*** Block opens ***
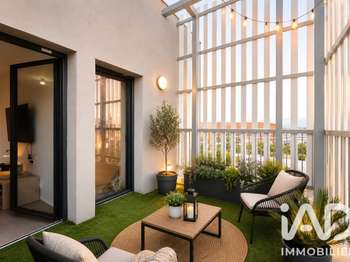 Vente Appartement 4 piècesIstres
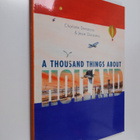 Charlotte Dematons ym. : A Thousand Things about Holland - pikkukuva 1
*** Block closes ***
*** Block opens ***
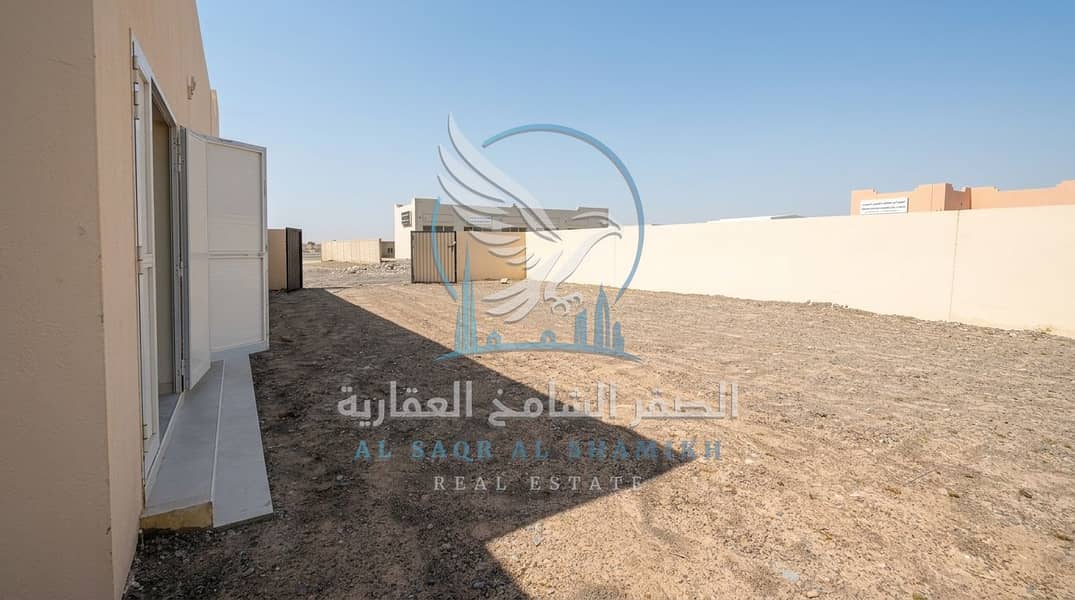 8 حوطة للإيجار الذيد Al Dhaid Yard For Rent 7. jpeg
*** Block closes ***
*** Block opens ***
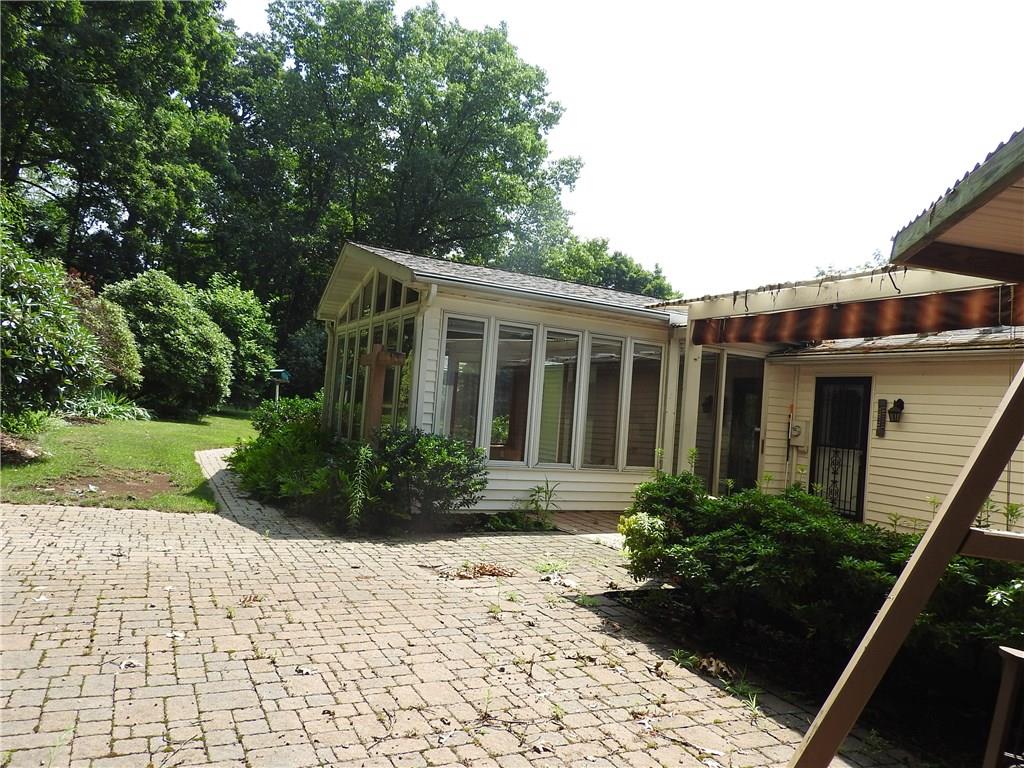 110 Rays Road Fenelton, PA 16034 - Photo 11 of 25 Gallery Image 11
*** Block closes ***
• _PROBLEM TO WORK ON_:
Above is the material; set down exactly its lines from the one containing "Vente Appartement 4 piècesIstres" down to the one containing "Charlotte Dematons ym.", both included, leaving out any pictures.

• _TASK ANSWER_:
 Vente Appartement 4 piècesIstres
 Charlotte Dematons ym. : A Thousand Things about Holland - pikkukuva 1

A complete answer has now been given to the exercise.